Ihaka (co-creator of R) may still be working on a new statistical programming language based on Common Lisp.

https://www.stat.auckland.ac.nz/%7Eihaka/downloads/Compstat-...


That was the inspiration behind Incanter[1], but I haven't heard about efforts by R. Ihaka beyond his writings/presentations 2008-2010 or so.

[1] http://incanter.org/


If you enjoy this sport, there's also Make-a-Lisp (MAL), an ongoing project to write lisp in every programming language:

https://github.com/kanaka/mal

In particular, here's their R version:

https://github.com/kanaka/mal/tree/master/r


"Implement a Lisp" seems to be Lisp's version of "rewrite it in Rust."


If done for educational purposes then there isn't anything wrong with that.


You say that like there's something wrong with rewriting it in Rust.


TeX could be a tough one :)


I wonder why it hasn't been added to MAL yet:

https://bitbucket.org/hak7a3/lisp-on-tex

I guess because it didn't implement lisp itself, since you still have to use \ to invoke macros.


This is brilliant. It kind of reminds me of hy (https://github.com/hylang/hy) in addition to Norvig's lis.py that the author cites as inspiration.

I feel like lots of folks in the R community secretly or not-so-secretly pine for lisp. My own "someday project" is to implement some portion of R in Racket—"Arket". Of course all the native libraries that have been wrapped in R are the tricky bit.


> Of course all the native libraries that have been wrapped in R are the tricky bit.

Everything in R is an SEXP struct. The native code is all shared libraries on Linux and Mac, and mostly DLLs on Windows.
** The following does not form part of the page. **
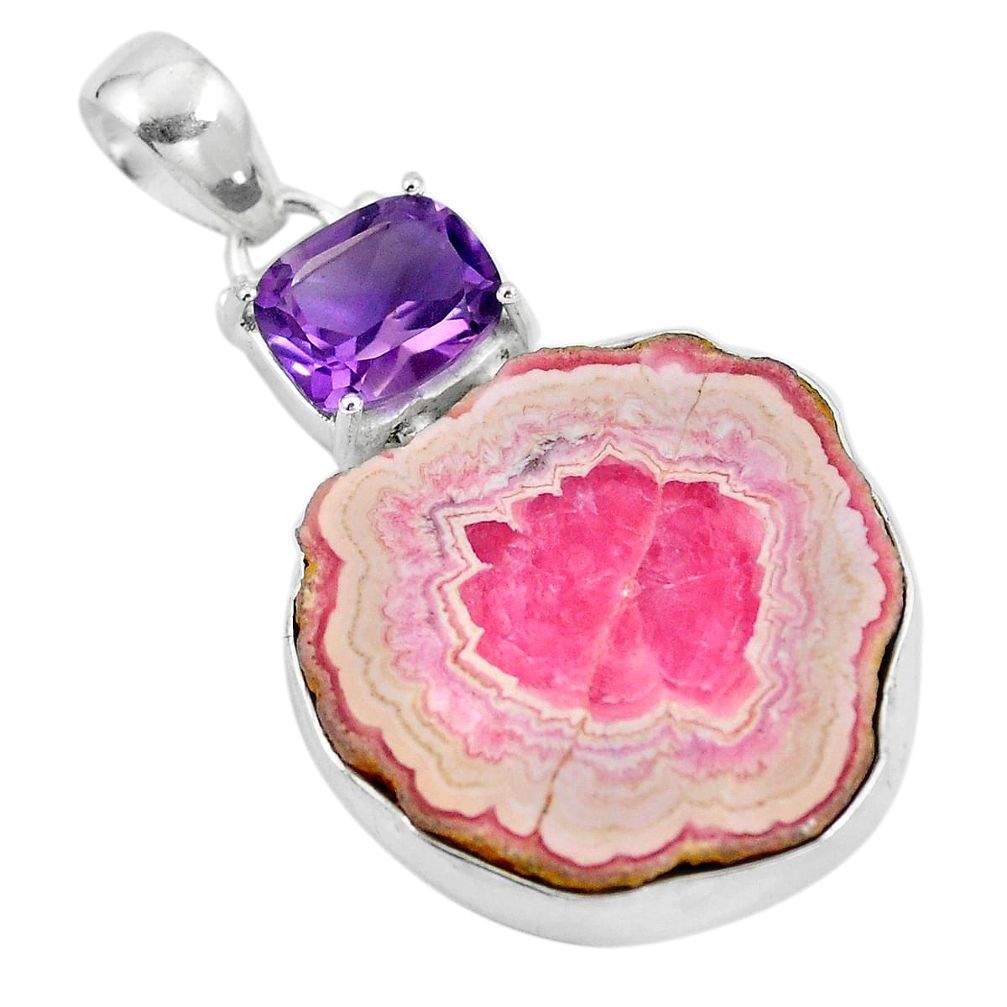 Natural pink rhodochrosite stalactite 925 sterling silver pendant d28832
There should be almost no problem calling the native libraries if you have an existing R installation.

That doesn't apply if you are talking about a complete reimplementation of R, but that would be a massive project, in which case calling native libraries would be of little relevance.


From one of the linked issues, a "Lisp-like R": https://github.com/chanshunli/jim-emacs-fun-r-lisp


You can also open a lisp interpreter and open an R session from here. Probably more efficient.

If you want to open a lisp repl inside R you can just open an R session and write:

system("sbcl", intern=FALSE)

That's all... use intern true if you want to save the session to an R object

foo <-system("clisp", intern=TRUE)


One of the point's is that you can use R's functions in a LISP-like language.


In that case, why not just embed an R interpreter inside Lisp? I've published a slightly modified fork of RInside that lets you embed R inside anything with a C FFI[1]. Tested only on Linux.

[1] https://bitbucket.org/bachmeil/rinsidec


Call an R session directly from a Lisp repl then.


R with Lisp syntax. Cool stuff.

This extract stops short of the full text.